Alluxio has announced the immediate availability of version 2.7 of its Data Orchestration Platform. This new release has led to 5x improved I/O efficiency for Machine Learning (ML) training at lower cost by parallelizing data loading, data preprocessing and training pipelines, the company said. Alluxio 2.7 also provides enhanced performance insights and support for open table formats like Apache Hudi and Iceberg to more easily scale access to data lakes for faster Presto and Spark-based analytics.
Also today, in a separate announcement, Alluxio announced $50M in Series C financing.

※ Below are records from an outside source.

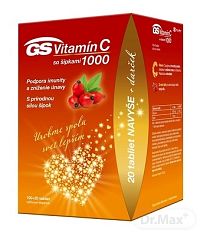 GS Vitamín C 1000 so šípkami darček 2021 1×120 tbl, 100+20 tbl navyše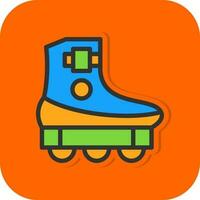 Roller Skating Vector Icon Design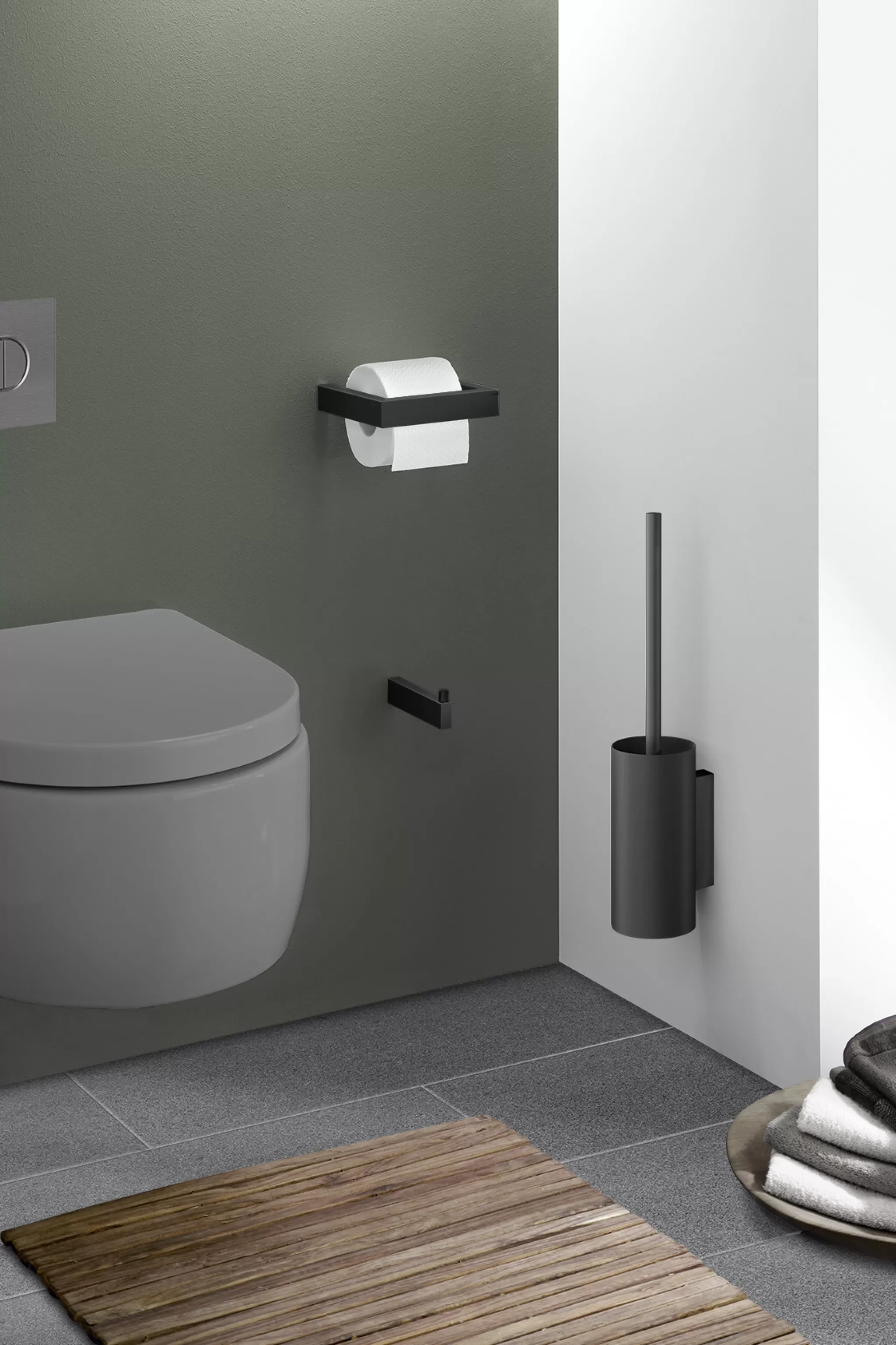 Zack Roll Holder*Linea Toilet Roll Holder 40576 (Black)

NVIDIA’s Data Loading Library (DALI) is a commonly used python library which supports CPU and GPU execution for data loading and preprocessing to accelerate deep learning. With release 2.7, the Alluxio platform has been optimized to work with DALI for python-based ML applications which include a data loading and preprocessing step as a precursor to model training and inference. By accelerating I/O heavy stages and allowing parallel processing of the following compute intensive training, end-to-end training on the Alluxio data platform achieves significant performance gains over traditional solutions. The solution is scale-out as opposed to other solutions suitable for smaller data set sizes.
At the heart of Alluxio’s value proposition is data management capabilities complimenting caching and unification of disparate data sources. As the use of Alluxio has grown for compute and storage spanning multiple geographical locations, the software continues to evolve to keep scaling using a new technique for batching data management jobs. Batching jobs, performed using an embedded execution engine for tasks such as data loading, reduces the resource requirements for the management controller lowering cost of provisioned infrastructure.

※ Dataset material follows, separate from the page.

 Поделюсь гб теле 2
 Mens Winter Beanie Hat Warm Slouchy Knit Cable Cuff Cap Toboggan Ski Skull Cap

Alluxio now supports a native Container Storage Interface (CSI) Driver for Kubernetes, as well as a Kubernetes operator for ML making it easier than ever before to operate ML pipelines on the Alluxio platform in containerized environments. The Alluxio volume type is now natively available for Kubernetes environments. Agility and ease-of-use are a constant focus in this release.

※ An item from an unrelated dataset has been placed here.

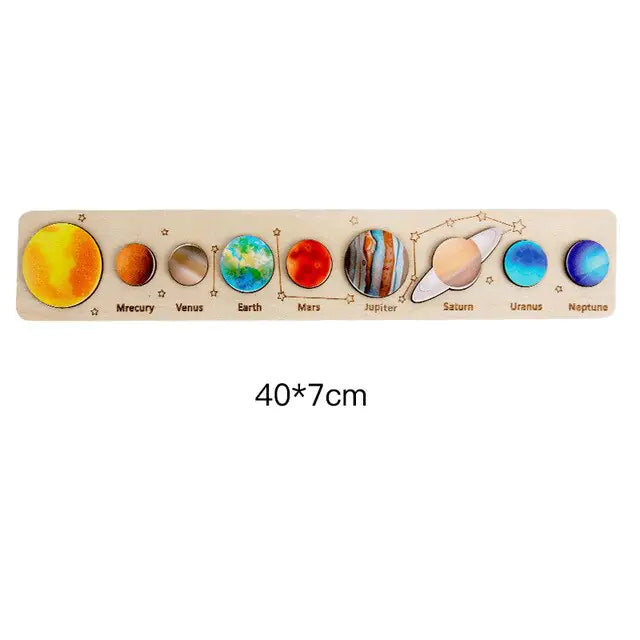 Wooden Space Puzzles for Toddlers - Vivareflex Online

An intelligent new capability, called Shadow Cache, makes striking the balance between high performance and cost easy by dynamically delivering insights to measure the impact of cache size on response times. For multi-tenant Presto environments at scale, this new feature significantly reduces the management overhead with self-managing capabilities.
Free downloads of Alluxio 2.7 open source Community Edition and of Alluxio Enterprise Edition are now generally available.